(Saved data entries)

****************************************

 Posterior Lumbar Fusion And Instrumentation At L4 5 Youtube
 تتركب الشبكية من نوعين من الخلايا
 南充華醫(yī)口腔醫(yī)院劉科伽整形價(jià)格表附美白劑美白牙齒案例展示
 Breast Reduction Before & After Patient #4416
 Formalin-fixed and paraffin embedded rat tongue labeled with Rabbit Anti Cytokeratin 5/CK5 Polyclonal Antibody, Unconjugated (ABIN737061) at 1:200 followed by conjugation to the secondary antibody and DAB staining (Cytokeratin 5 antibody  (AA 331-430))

****************************************

#### Exercise description:
All entries above are to be repeated verbatim, down to the last line.

#### Written answer:
 Posterior Lumbar Fusion And Instrumentation At L4 5 Youtube
 تتركب الشبكية من نوعين من الخلايا
 南充華醫(yī)口腔醫(yī)院劉科伽整形價(jià)格表附美白劑美白牙齒案例展示
 Breast Reduction Before & After Patient #4416
 Formalin-fixed and paraffin embedded rat tongue labeled with Rabbit Anti Cytokeratin 5/CK5 Polyclonal Antibody, Unconjugated (ABIN737061) at 1:200 followed by conjugation to the secondary antibody and DAB staining (Cytokeratin 5 antibody  (AA 331-430))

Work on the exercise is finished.